▸ Exercise
Would you please transcribe the data in full and exactly, excluding images?

▸ Given data
◇ ◇ ◇

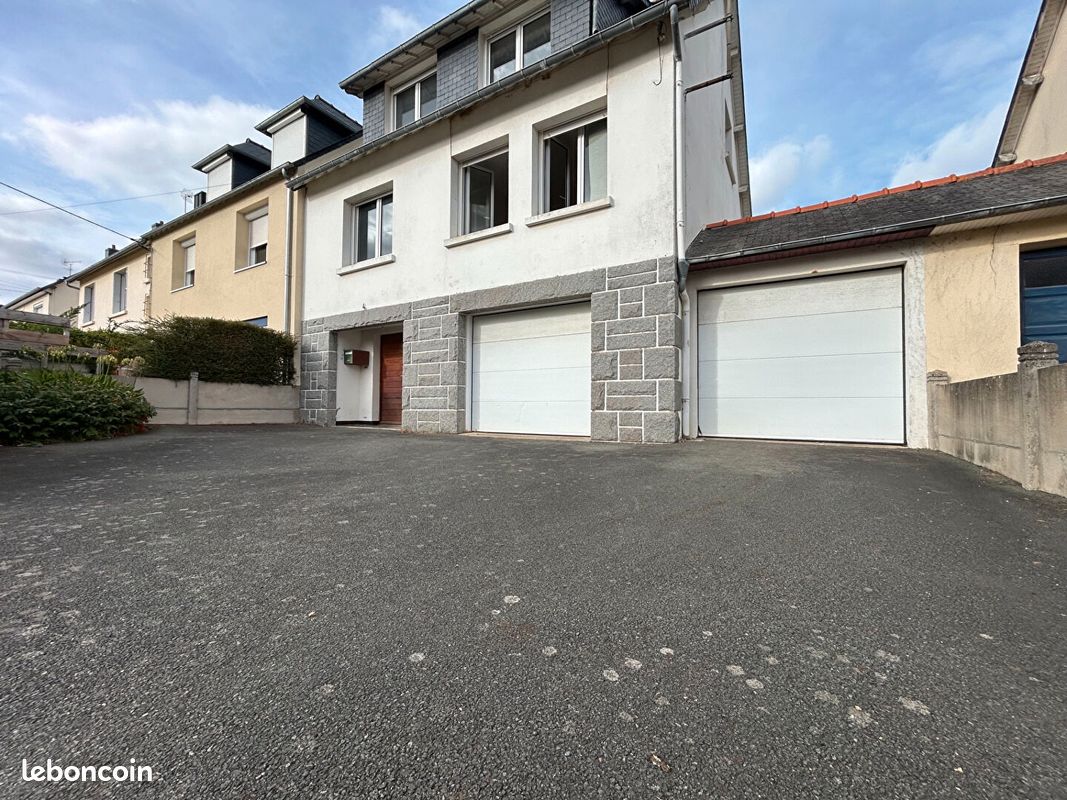 Maison 5 pièces 97 m² · à Saint-Brieuc · 97 m² · 203 580 €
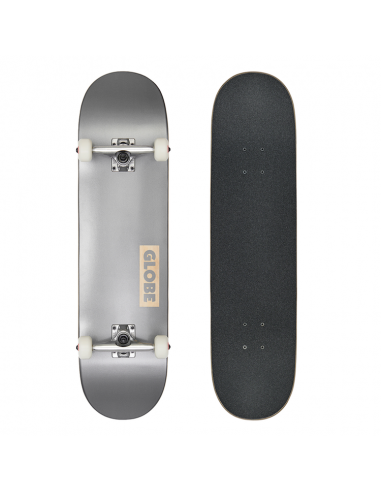 Deskorolka Globe Goodstock (gunmetal) 8.25"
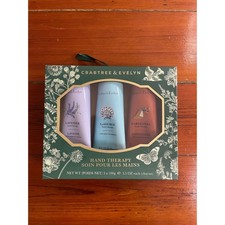 Crabtree Evelyn Hand Therapy Trio Lavender La Source Gardeners 3x100g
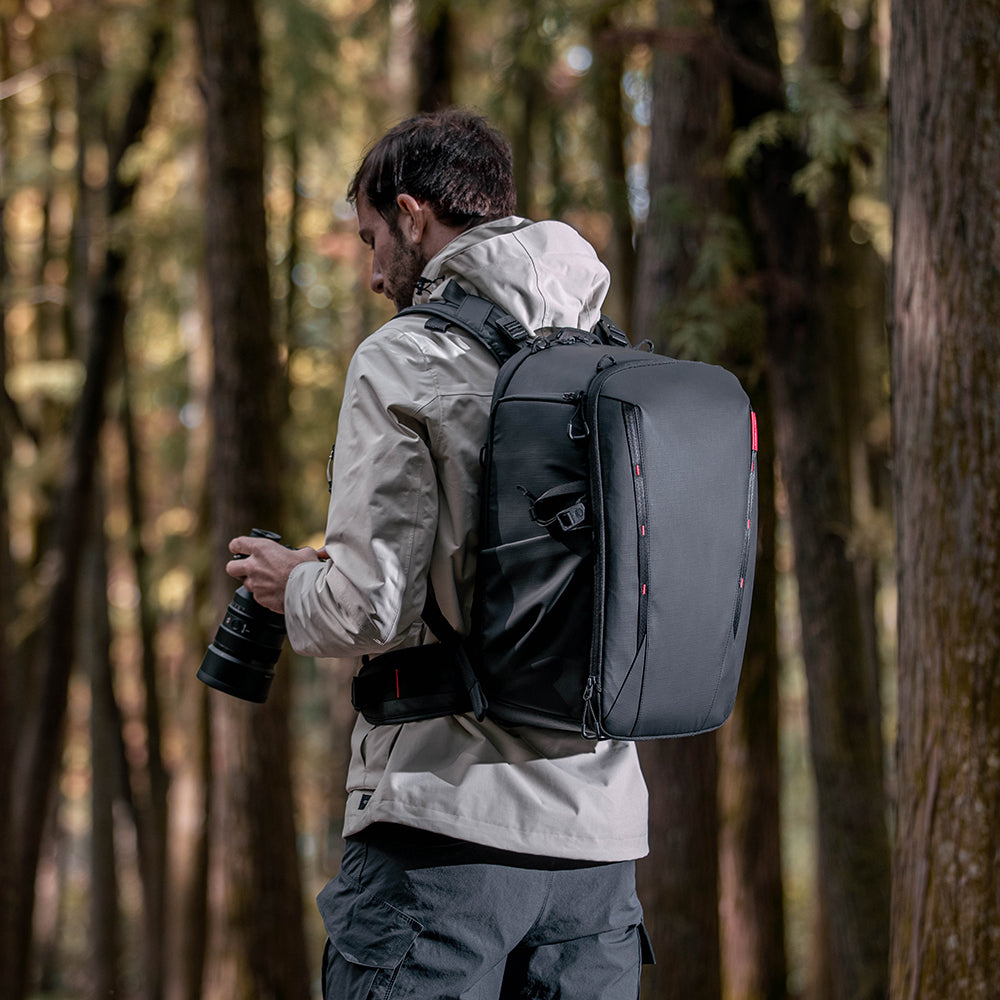 PGYTECH OneMo 2 fotobatoh 25L Space Black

◇ ◇ ◇

▸ Expected output
 Maison 5 pièces 97 m² · à Saint-Brieuc · 97 m² · 203 580 €
 Deskorolka Globe Goodstock (gunmetal) 8.25"
 Crabtree Evelyn Hand Therapy Trio Lavender La Source Gardeners 3x100g
 PGYTECH OneMo 2 fotobatoh 25L Space Black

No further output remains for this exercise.